▶ REQUIRED WORK: The required output is the complete data, repeated without alteration.

▶ RECORDED INFORMATION:

Start of Block

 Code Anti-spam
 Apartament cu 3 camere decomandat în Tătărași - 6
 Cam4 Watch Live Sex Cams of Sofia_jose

End of Block

▶ TASK ANSWER:
 Code Anti-spam
 Apartament cu 3 camere decomandat în Tătărași - 6
 Cam4 Watch Live Sex Cams of Sofia_jose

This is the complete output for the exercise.